Stop à la violence ! Les enseignants du collège Pierre de Coubertin à Saint-Jean-de-Braye ont cessé le travail ce lundi, dénonçant l’augmentation des incivilités et des actes violents entre élèves et à l’encontre des adultes. D'après eux, la sécurité de tous est compromise.
Ce lundi 16 mars, une grève a été organisée au sein de l’établissement. Avec plus de 800 élèves, le collège a connu des perturbations majeures : de nombreux cours n'ont pas eu lieu et le service de cantine a été affecté. Enseignants, assistants d'éducation (AED) et accompagnants des élèves en situation de handicap (AESH) ont uni leurs voix pour dire NON à la violence. Une banderole proclamait : “Le collège coule, stop au pas de vagues”. La situation, selon les indécis, s'est détériorée au fil des mois, notamment par des actes de violence se produisant tant dans les classes que dans la cour de récréation.

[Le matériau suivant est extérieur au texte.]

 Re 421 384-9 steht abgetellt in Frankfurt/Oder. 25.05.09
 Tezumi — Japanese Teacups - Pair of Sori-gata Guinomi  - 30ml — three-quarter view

Alexandra Pascual-Vire, professeure de lettres modernes, a exprimé à quel point la grève représente un cri de détresse face à cette situation alarmante. Elle évoque des insultes sexistes et des menaces intimidantes proférées par certains élèves envers le personnel enseignant : “Des élèves nous disent, vas-y tu vas faire quoi sale pute, et même menacent, en disant vas-y je vais t'en foutre une.” Pierre Quillet, enseignant en SVT, abonde dans le même sens, soulignant les répercussions de ces incidents sur le moral des professeurs.
Mobilisation avant l'irréversible
Le climat de tension est palpable. Des enseignants évoquent des burnouts au sein du personnel, provoqués par des conditions de travail de plus en plus difficiles. “On nous dit que la société évolue, que c'est un problème national, mais nous devons aussi avoir les moyens d'agir !”, s’indigne un enseignant en grève. La nécessité d’un réel changement devient cruciale.
Les surveillants, tels que Sophie Gomès, se retrouvent également en première ligne : “On fait face à des groupes d’élèves, et on manque de moyens pour gérer ces situations”. Elle remarque une dégradation progressive de l’ambiance à l'école, alimentée par un sentiment d'impunité parmi certains élèves face aux sanctions légères.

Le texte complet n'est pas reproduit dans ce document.